When we take that entering the truth, that opening of the box, as a metaphor for the work of the Holy Spirit, we can see how vital the Holy Spirit is in our understanding of faith and of God. Jesus is the embodiment of God’s decision never to be except to be with us. Ok, but so what? Jesus is the full glory of God looking us in the face and the utter fragility of humankind looking God full in the face.
Sure, but what comes of that? Jesus’ cross is the utter manifestation of God taking on the consequences of our failure and folly.
Jesus’ resurrection is God bursting open the everlasting glory of eternal life. Fine, but I’ve still got to pay the bills and there’s a ballgame at Wriggly tonight.
We create a hundred reasons not to open the present. We’re frightened of getting carried away. We’re used to things more tangible, more immediate, and more… simple.
We deal with forgiveness by trying to forget and death by attempting to distract.
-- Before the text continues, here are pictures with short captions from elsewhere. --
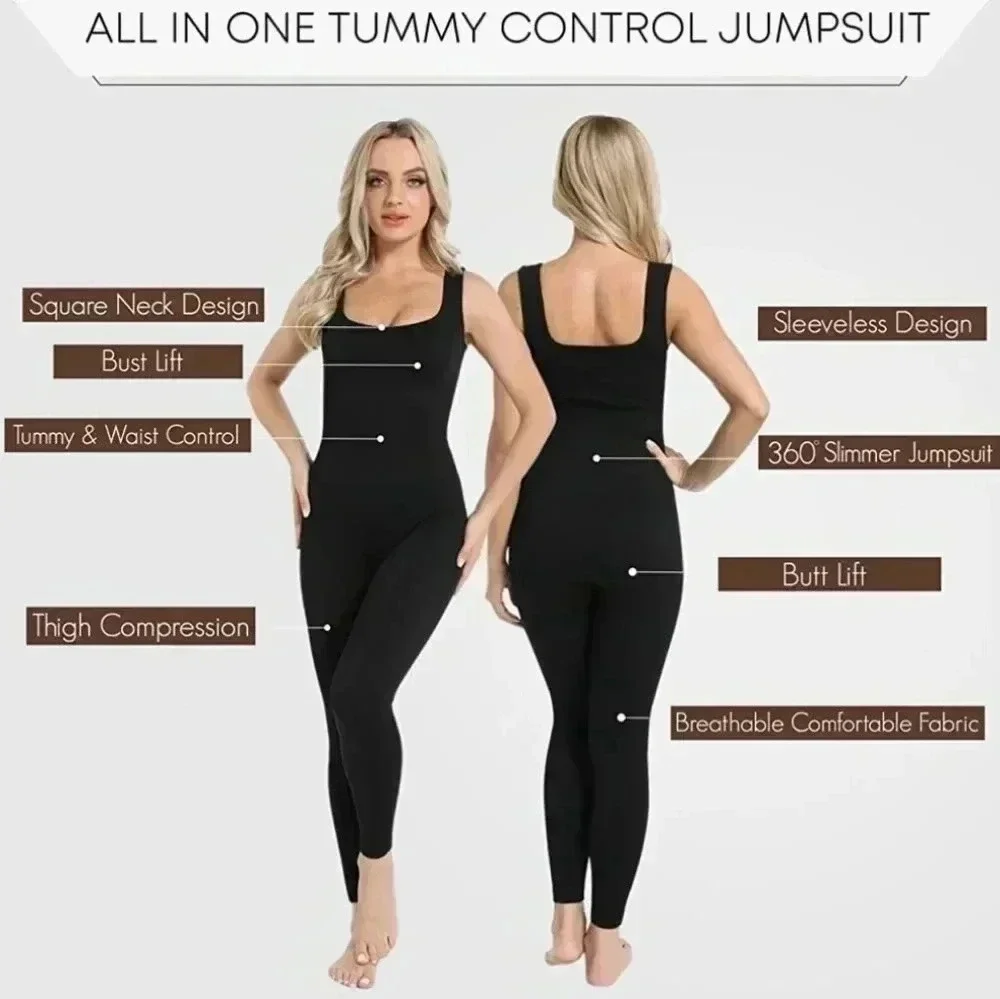 Soo slick long sleeve ribbed  Tummy Control Square Neck Ribbed  Jumpsuit.  Med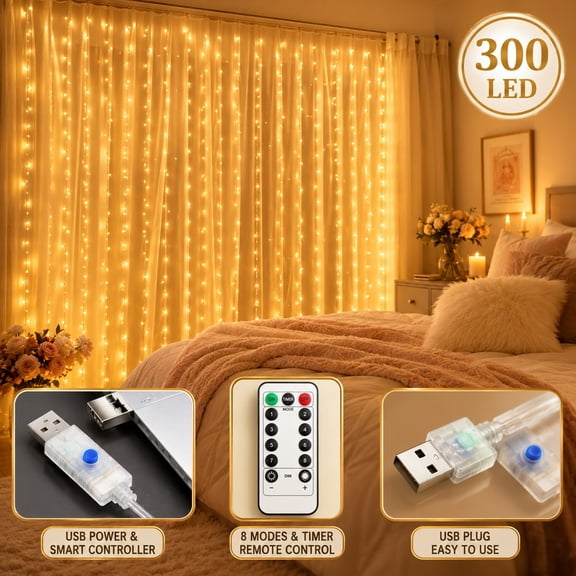 300 LED Fairy Curtain Lights, 9.8ft x 9.8ft Warm White Curtain String Lights, USB Plug in 8 Lighting Modes Decoration, Hanging Lights with Remote for Bedroom Indoor Weddings Dorm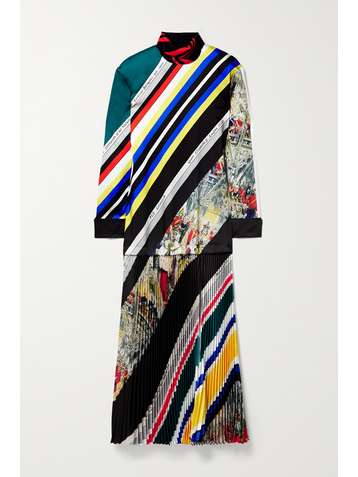 PHILOSOPHY DI LORENZO SERAFINI Printed plissé-twill turtleneck maxi dress
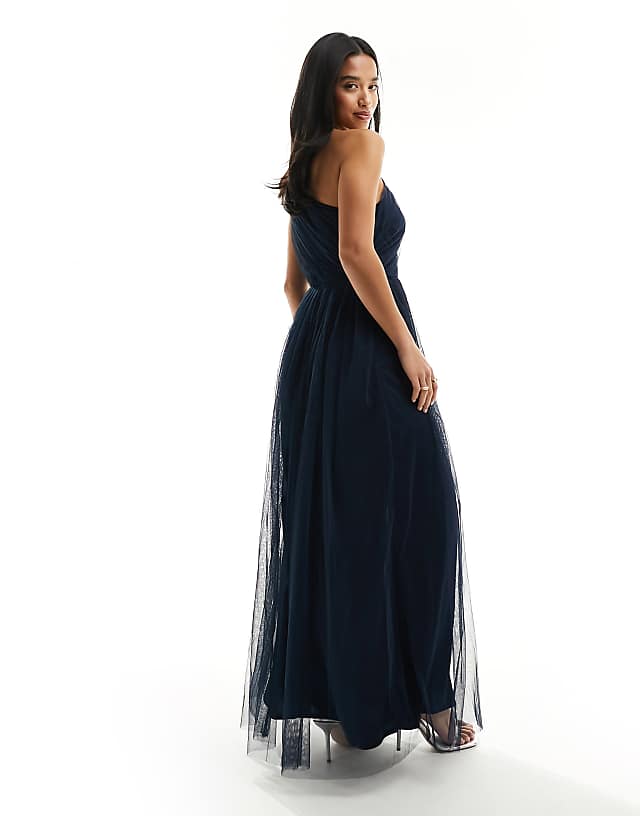 Asos Anaya Petite Bridesmaid Tulle One Shoulder Maxi Dress In Navy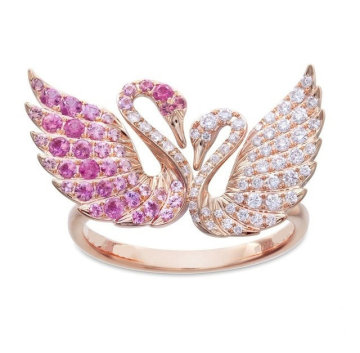 Peasonalized and Attractive Double Swans Decorated Ring (FQ-9099)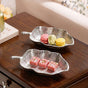 Leaf Metal Platter Silver Set Of 2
The truth is, left to ourselves we would never open the box. If we were the disciples we’d never come out of the upper room unaided, however sensational the gospel of Jesus was.
And that’s why God sends the rushing wind and tongues of fire. Here comes the wind that hovered over the waters at creation and the fire that consumed everything at the giving of the law to Moses. The wind of God, that pushed the disciples out the door and the tongues that gave disciples words to say. Jesus changes everything, but for most of us, most of the time, we can’t see the difference.
We’re like my brother who won’t open the box, like a middle-aged woman who can’t read.
Seven hundred years before Christ, the Greek poet Hesiod wrote a poem called Works and Days, in which he told the story of Pandora. Pandora was the first woman on earth and all the gods clothed her with fine gifts. When she married she was given a box that she was told she must never open. But she did open it, and out came all the evil in the world. This story is not in the Bible.
The trouble is, we treat it as if it were. We leave the gifts of ourselves sitting in the box. We bar our windows and shut our doors and batten our hatches as if Christ were not raised from the dead. We live in illiteracy and do a thousand drastic things to hide our reality rather than risk opening our eyes.
But here’s the good news. If we won’t open the box, then the rushing wind of God’s Spirit will send us, like the disciples, out of our locked rooms into our communities and our world.
Tongues of fire perhaps to transform us into living flames of love, to give us words of gentleness, wisdom, and truth, to burn away our fear and distraction and forgetfulness and feel our hearts burning within us. So God sends the Holy Spirit in wind and fire to open that box, empty that tomb, burst us out from whatever locked doors whatever room and coax us into that new day.